[Exercise prompt] Skipping all pictures, print exactly the lines below from the one with "Dave Gould Quote" through the final line.

[Records provided]
■ ■ ■

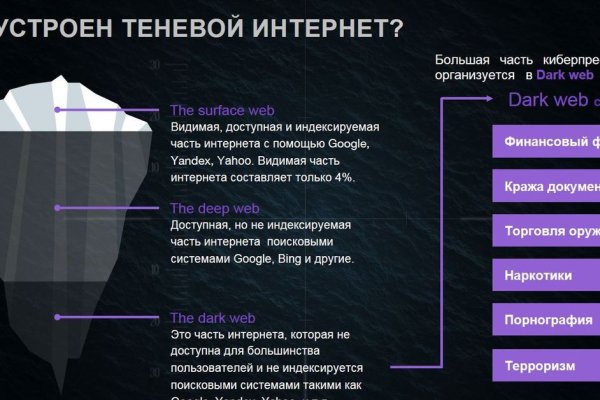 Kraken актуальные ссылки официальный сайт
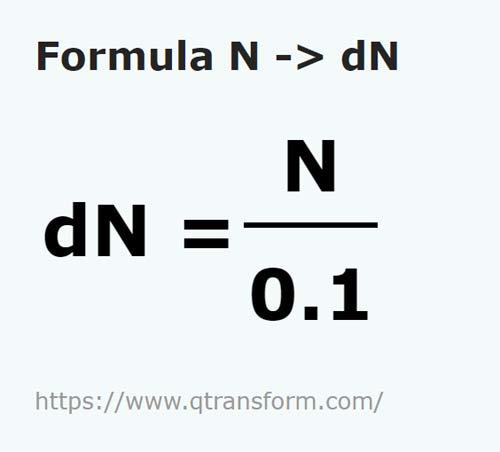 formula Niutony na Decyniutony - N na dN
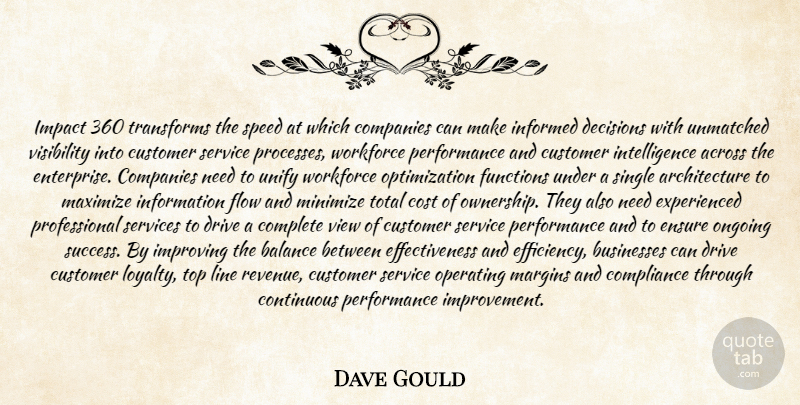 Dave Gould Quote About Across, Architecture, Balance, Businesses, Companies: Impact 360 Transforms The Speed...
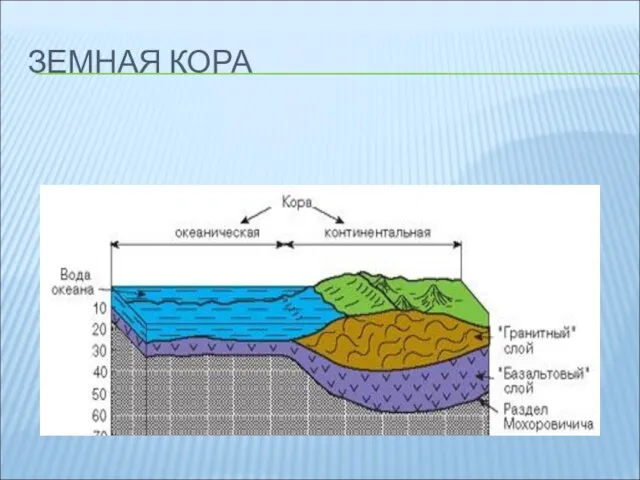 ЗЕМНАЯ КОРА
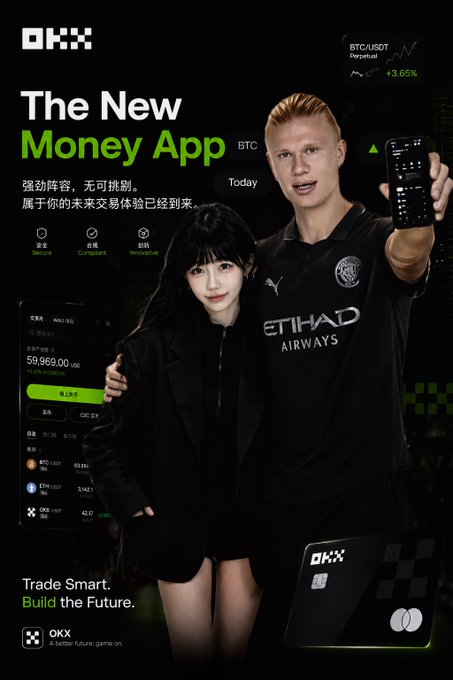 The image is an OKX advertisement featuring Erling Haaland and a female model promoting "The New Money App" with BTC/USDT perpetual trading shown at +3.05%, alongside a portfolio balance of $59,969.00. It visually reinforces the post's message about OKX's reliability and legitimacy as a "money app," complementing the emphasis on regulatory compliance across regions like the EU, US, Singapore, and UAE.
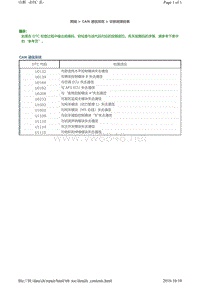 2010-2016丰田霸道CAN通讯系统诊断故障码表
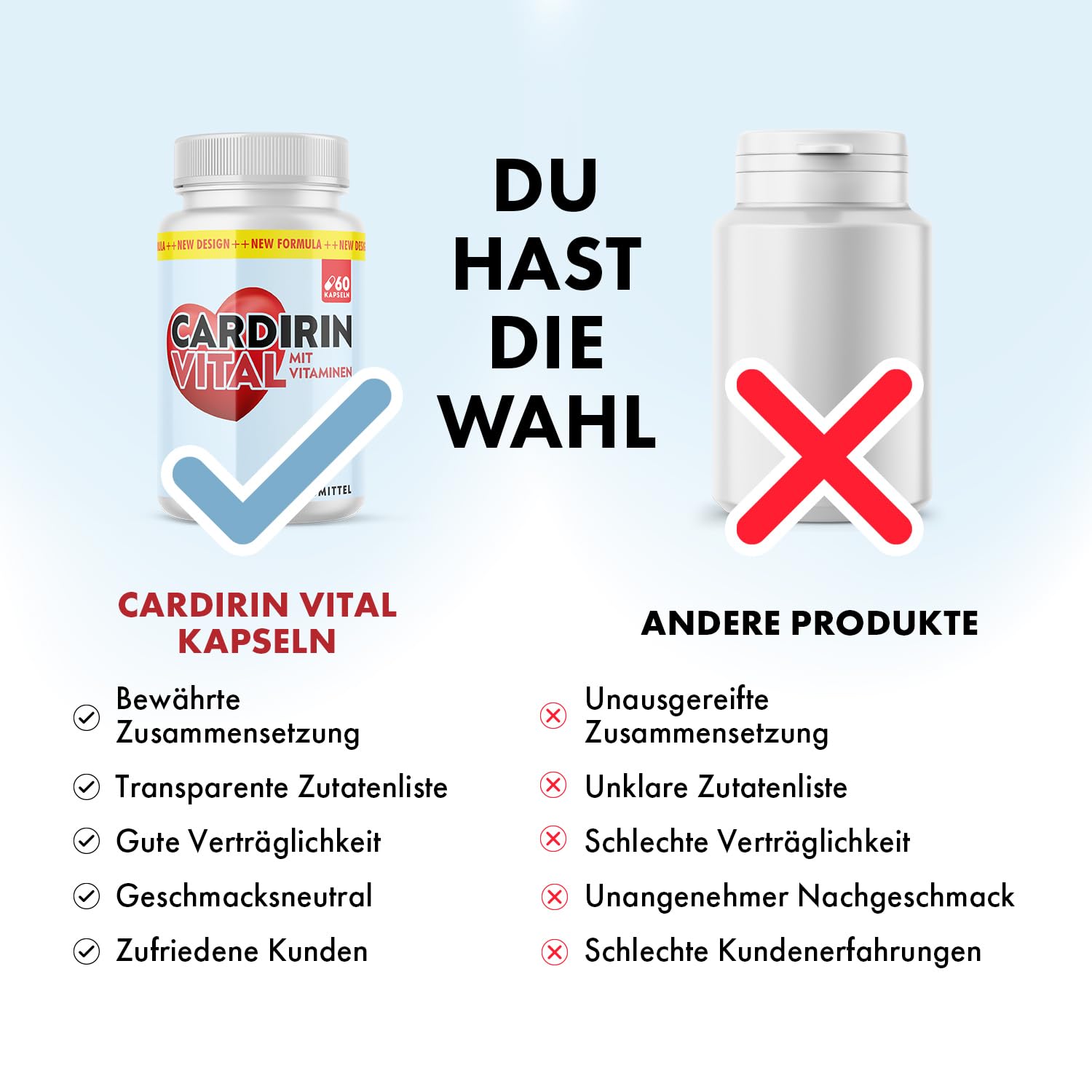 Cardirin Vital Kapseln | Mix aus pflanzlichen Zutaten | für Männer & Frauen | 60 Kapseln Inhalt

■ ■ ■

[Written response]
 Dave Gould Quote About Across, Architecture, Balance, Businesses, Companies: Impact 360 Transforms The Speed...
 ЗЕМНАЯ КОРА
 The image is an OKX advertisement featuring Erling Haaland and a female model promoting "The New Money App" with BTC/USDT perpetual trading shown at +3.05%, alongside a portfolio balance of $59,969.00. It visually reinforces the post's message about OKX's reliability and legitimacy as a "money app," complementing the emphasis on regulatory compliance across regions like the EU, US, Singapore, and UAE.
 2010-2016丰田霸道CAN通讯系统诊断故障码表
 Cardirin Vital Kapseln | Mix aus pflanzlichen Zutaten | für Männer & Frauen | 60 Kapseln Inhalt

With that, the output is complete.